(ACTIVITY):
Would you return every entry below without a single difference?

*** RECORDS PROVIDED ***

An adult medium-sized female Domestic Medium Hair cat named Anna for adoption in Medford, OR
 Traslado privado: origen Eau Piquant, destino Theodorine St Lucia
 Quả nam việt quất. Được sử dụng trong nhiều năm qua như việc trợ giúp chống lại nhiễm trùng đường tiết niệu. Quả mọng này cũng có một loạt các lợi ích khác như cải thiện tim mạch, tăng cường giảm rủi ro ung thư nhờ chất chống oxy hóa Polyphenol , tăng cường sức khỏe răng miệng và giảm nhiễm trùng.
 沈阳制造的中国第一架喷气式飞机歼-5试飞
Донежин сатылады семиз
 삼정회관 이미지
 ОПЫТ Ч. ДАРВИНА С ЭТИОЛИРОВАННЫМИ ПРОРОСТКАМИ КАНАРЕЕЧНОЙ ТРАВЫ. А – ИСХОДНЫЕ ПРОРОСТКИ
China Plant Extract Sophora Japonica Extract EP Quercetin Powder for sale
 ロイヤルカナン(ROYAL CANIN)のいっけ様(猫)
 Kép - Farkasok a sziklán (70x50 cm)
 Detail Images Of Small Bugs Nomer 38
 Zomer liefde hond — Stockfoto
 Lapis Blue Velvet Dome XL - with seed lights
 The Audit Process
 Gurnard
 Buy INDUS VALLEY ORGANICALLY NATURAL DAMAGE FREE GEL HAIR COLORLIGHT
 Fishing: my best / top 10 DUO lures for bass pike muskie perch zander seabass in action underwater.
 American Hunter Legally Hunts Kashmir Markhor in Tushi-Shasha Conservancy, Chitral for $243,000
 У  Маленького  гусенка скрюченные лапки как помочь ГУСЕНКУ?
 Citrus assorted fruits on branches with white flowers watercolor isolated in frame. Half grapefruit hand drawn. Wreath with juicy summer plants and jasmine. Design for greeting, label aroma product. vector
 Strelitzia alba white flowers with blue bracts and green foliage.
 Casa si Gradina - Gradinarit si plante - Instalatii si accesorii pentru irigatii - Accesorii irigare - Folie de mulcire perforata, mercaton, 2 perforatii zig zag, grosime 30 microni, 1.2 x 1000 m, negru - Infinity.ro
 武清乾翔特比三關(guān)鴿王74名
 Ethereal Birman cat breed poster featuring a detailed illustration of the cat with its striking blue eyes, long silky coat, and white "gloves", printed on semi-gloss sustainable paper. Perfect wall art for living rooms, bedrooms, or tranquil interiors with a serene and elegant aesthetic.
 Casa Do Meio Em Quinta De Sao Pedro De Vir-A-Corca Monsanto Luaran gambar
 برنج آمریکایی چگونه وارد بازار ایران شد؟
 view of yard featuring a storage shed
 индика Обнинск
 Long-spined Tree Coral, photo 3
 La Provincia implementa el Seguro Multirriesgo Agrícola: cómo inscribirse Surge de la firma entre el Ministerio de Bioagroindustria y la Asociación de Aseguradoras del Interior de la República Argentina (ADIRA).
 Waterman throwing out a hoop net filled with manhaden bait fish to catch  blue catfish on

***

(FINISHED EXERCISE):
An adult medium-sized female Domestic Medium Hair cat named Anna for adoption in Medford, OR
 Traslado privado: origen Eau Piquant, destino Theodorine St Lucia
 Quả nam việt quất. Được sử dụng trong nhiều năm qua như việc trợ giúp chống lại nhiễm trùng đường tiết niệu. Quả mọng này cũng có một loạt các lợi ích khác như cải thiện tim mạch, tăng cường giảm rủi ro ung thư nhờ chất chống oxy hóa Polyphenol , tăng cường sức khỏe răng miệng và giảm nhiễm trùng.
 沈阳制造的中国第一架喷气式飞机歼-5试飞
Донежин сатылады семиз
 삼정회관 이미지
 ОПЫТ Ч. ДАРВИНА С ЭТИОЛИРОВАННЫМИ ПРОРОСТКАМИ КАНАРЕЕЧНОЙ ТРАВЫ. А – ИСХОДНЫЕ ПРОРОСТКИ
China Plant Extract Sophora Japonica Extract EP Quercetin Powder for sale
 ロイヤルカナン(ROYAL CANIN)のいっけ様(猫)
 Kép - Farkasok a sziklán (70x50 cm)
 Detail Images Of Small Bugs Nomer 38
 Zomer liefde hond — Stockfoto
 Lapis Blue Velvet Dome XL - with seed lights
 The Audit Process
 Gurnard
 Buy INDUS VALLEY ORGANICALLY NATURAL DAMAGE FREE GEL HAIR COLORLIGHT
 Fishing: my best / top 10 DUO lures for bass pike muskie perch zander seabass in action underwater.
 American Hunter Legally Hunts Kashmir Markhor in Tushi-Shasha Conservancy, Chitral for $243,000
 У  Маленького  гусенка скрюченные лапки как помочь ГУСЕНКУ?
 Citrus assorted fruits on branches with white flowers watercolor isolated in frame. Half grapefruit hand drawn. Wreath with juicy summer plants and jasmine. Design for greeting, label aroma product. vector
 Strelitzia alba white flowers with blue bracts and green foliage.
 Casa si Gradina - Gradinarit si plante - Instalatii si accesorii pentru irigatii - Accesorii irigare - Folie de mulcire perforata, mercaton, 2 perforatii zig zag, grosime 30 microni, 1.2 x 1000 m, negru - Infinity.ro
 武清乾翔特比三關(guān)鴿王74名
 Ethereal Birman cat breed poster featuring a detailed illustration of the cat with its striking blue eyes, long silky coat, and white "gloves", printed on semi-gloss sustainable paper. Perfect wall art for living rooms, bedrooms, or tranquil interiors with a serene and elegant aesthetic.
 Casa Do Meio Em Quinta De Sao Pedro De Vir-A-Corca Monsanto Luaran gambar
 برنج آمریکایی چگونه وارد بازار ایران شد؟
 view of yard featuring a storage shed
 индика Обнинск
 Long-spined Tree Coral, photo 3
 La Provincia implementa el Seguro Multirriesgo Agrícola: cómo inscribirse Surge de la firma entre el Ministerio de Bioagroindustria y la Asociación de Aseguradoras del Interior de la República Argentina (ADIRA).
 Waterman throwing out a hoop net filled with manhaden bait fish to catch  blue catfish on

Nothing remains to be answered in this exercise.